Most people at their wits ends just want to be told what to do with their lives. Sometimes the choices we’ve made in life have turned out so horrendous that we just want to give up all responsibility for everything and let someone else decide for us. Bonus is that if the advice we get from someone else goes badly, then we have someone else to blame.
This is self-defeating and a self-sabotaging cycle and no way to take charge of your life. If I’m doing my job correctly when reading your card spread then you should be able to discover insight about and for yourself. All that I—or any legitimate coach or reader—can do is explore potential options/choices that you can make in your own life. It’s your responsibility to make your own choices.
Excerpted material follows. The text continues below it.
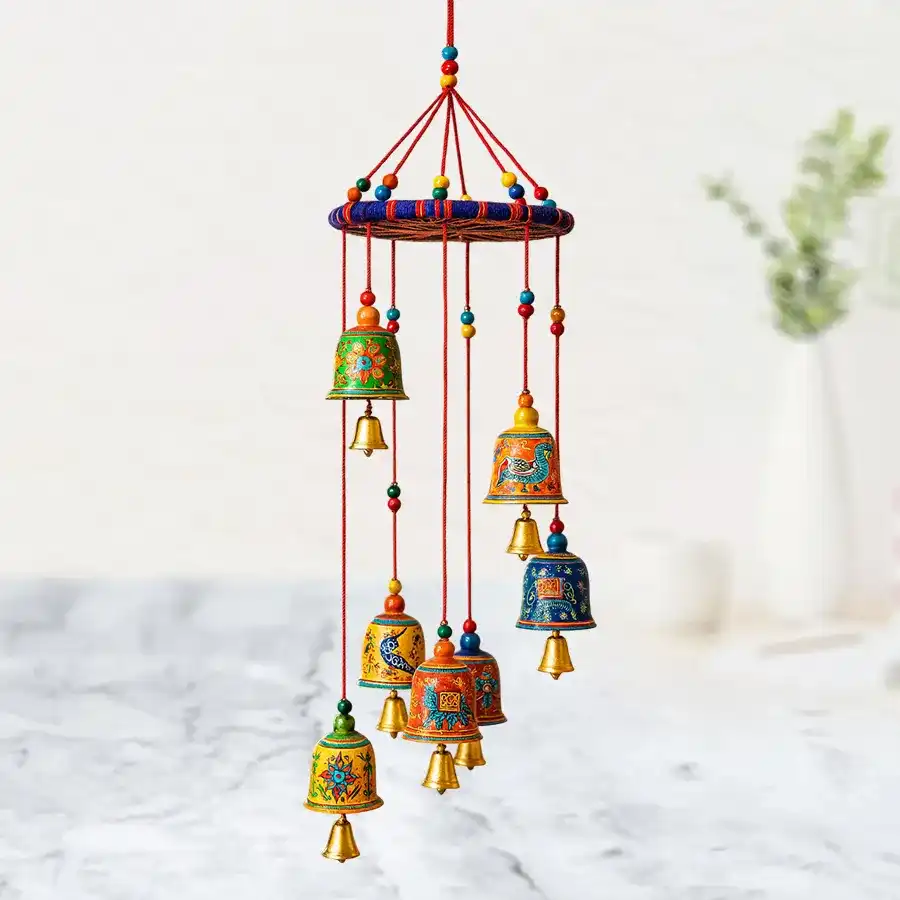 Vibrant cotton door hanging with multicolor beads and laces, enhancing home decor.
Let me relate a personal story about responsibility to you…
In the Catholic monastic tradition, those who commit themselves to the contemplative life take vows of poverty, chastity, and obedience (and if one is committing to Benedictine community, then also stability). At face value, the surrendering of these individual rights seems in some ways like one might be giving-up responsibility to have to worry about them. They are, after all, areas of human nature subject to folly.
But every religious candidate has his or her own challenges in the face of these dictums. Just because one gives them up does not remove the nature to act against them. Usually people tend to have one of them in particular that poses the greatest obstacle. When I decided to join a contemplative monastic community—me, someone who as a disciple of minority politics has always felt that it was important to question authority and hierarchical structures—I always felt that ‘obedience’ would be my biggest hurdle.
Then I read the reflections of a long-time Jesuit brother, reminiscing on his long tenure as a religious, and he noted the same reticent feeling about that word—obedience—and its connotations that made him question whether or not he’d be able to “subjugate” himself in such a way. He struggled with this feeling until another, older brother explained to him that he should think of mentally exchanging the word “obedience” (and its connotations) for the word “responsibility” (and all of its connotations).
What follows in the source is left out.